EXERCISE INSTRUCTIONS: Make an exact copy of the entries, and keep any pictures out of it.

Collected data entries
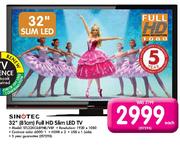 Sinotec 32"(81cm)Full HD Slim LED TV Each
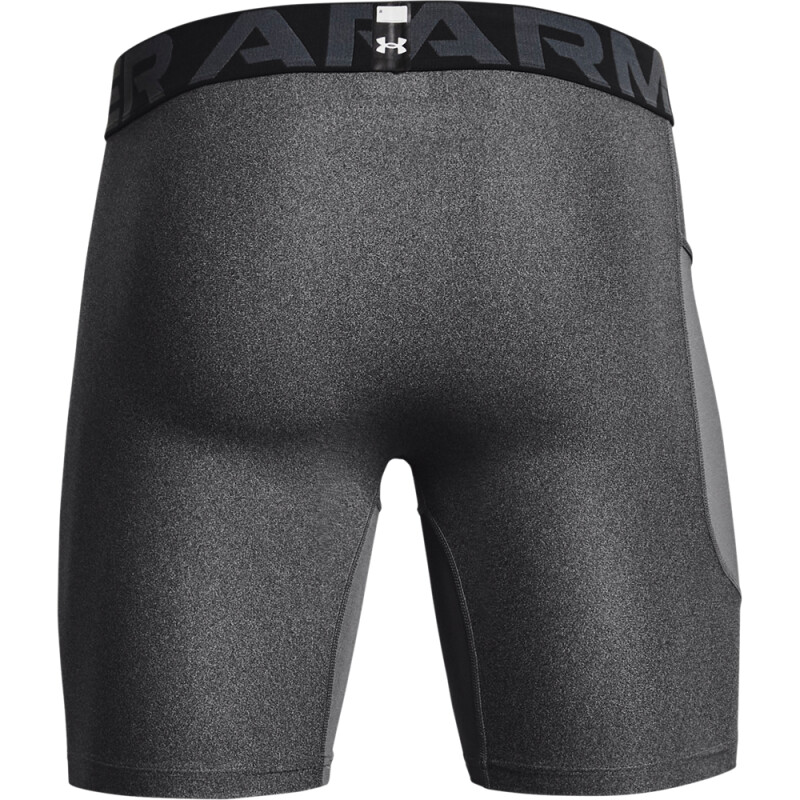 UA HG Armour Shorts-WHT BLK-001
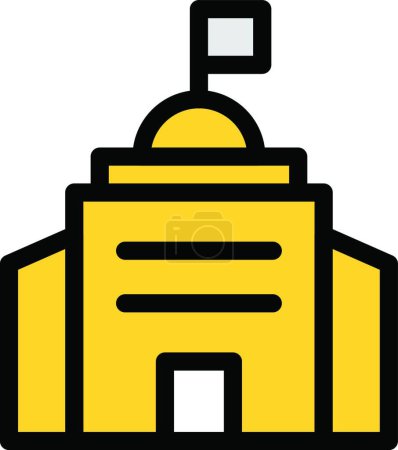 Illustration for Building  web icon vector illustration - Royalty Free Image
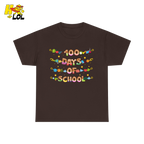 100 Days Of School Teacher T-Shirt Gift For Teachers - HQLOL
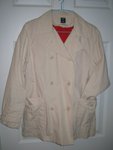 GAP CREAM WHITE JACKET Size M CDN $40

RESULT OF THIS EXERCISE:
 Sinotec 32"(81cm)Full HD Slim LED TV Each
 UA HG Armour Shorts-WHT BLK-001
 Illustration for Building  web icon vector illustration - Royalty Free Image
 100 Days Of School Teacher T-Shirt Gift For Teachers - HQLOL
 GAP CREAM WHITE JACKET Size M CDN $40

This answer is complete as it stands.